Trésors perdus des vers olympiques

Les historiens ont recherché sans relâche les poèmes olympiques perdus, notamment « Conseils d’un cavalier à son amante » du poète équestre allemand Rudolf Binding (médaille d’argent, Amsterdam 1928) et « Devant les dieux de l’Olympe », une ode passionnée aux athlètes de la Grèce antique du champion de rugby français Charles Gonnet (bronze, Paris 1924).

Pour les passionnés anglophones, la perte la plus déplorée est « Chants d’épée », un hommage à l’escrime de la poète britannique Dorothy Margaret Stuart. Malgré sa médaille d’argent aux Jeux olympiques de Paris en 1924, son œuvre est tombée dans l’oubli. En 2004, l’historien Bernhard Kramer, écrivant dans The Journal of Olympic History, n’a pu retracer Stuart qu’à Kew dans le Surrey, notant qu’elle avait également écrit un « lyrique émouvant » sur son chien, Mungo. L’appel de Kramer, « Qui a déjà vu les « Chants d’épée » de Stuart ? », a trouvé écho chez beaucoup.
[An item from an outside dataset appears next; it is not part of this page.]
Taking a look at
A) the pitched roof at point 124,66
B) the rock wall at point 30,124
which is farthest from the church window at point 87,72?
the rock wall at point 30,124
Redécouverte des « Chants d’épée »

C’est avec beaucoup d’enthousiasme que j’annonce la redécouverte de ce poème insaisissable au sein de la collection de la Bibliothèque publique de New York. Grâce à la puissance des catalogues numérisés, j’ai localisé une mince édition de 1925 publiée par Methuen à Londres, agrémentée de charmantes gravures sur bois. La publication n’offrait probablement aucune compensation monétaire, car les poètes olympiques devaient conserver leur statut d’amateur, ne recevant aucun gain financier de leur travail.

L’importance de la poésie olympique

L’inclusion de la poésie aux Jeux olympiques reflète une époque où les Jeux englobaient une définition plus large de la réussite humaine, célébrant à la fois les prouesses physiques et intellectuelles. La disparition de ces poèmes représente une perte importante pour l’histoire littéraire et olympique. Des recherches supplémentaires sont nécessaires pour découvrir davantage de ces œuvres oubliées et pour comprendre pleinement le rôle de la poésie dans les premiers Jeux olympiques. La redécouverte des « Chants d’épée » offre une lueur d’espoir que d’autres poèmes olympiques perdus pourraient encore être retrouvés, attendant d’être partagés avec une nouvelle génération.

Explorer l’intersection du sport et de l’art

Le concours de poésie olympique souligne l’intersection fascinante du sport et de l’art. Alors que les exigences physiques de la compétition sportive sont évidentes, l’expression artistique capturée dans ces poèmes offre une perspective différente pour apprécier l’esprit olympique. Ces œuvres exploraient des thèmes de dévouement, de persévérance et de la poursuite de l’excellence, reflétant les valeurs incarnées par les athlètes sur le terrain. Le « Pentathlon des Muses » nous rappelle que les Jeux olympiques n’étaient pas uniquement axés sur la force et l’habileté physiques, mais aussi sur la célébration des capacités créatives et intellectuelles de l’humanité. Espérons que de futures recherches éclaireront davantage ce chapitre oublié de l’histoire olympique.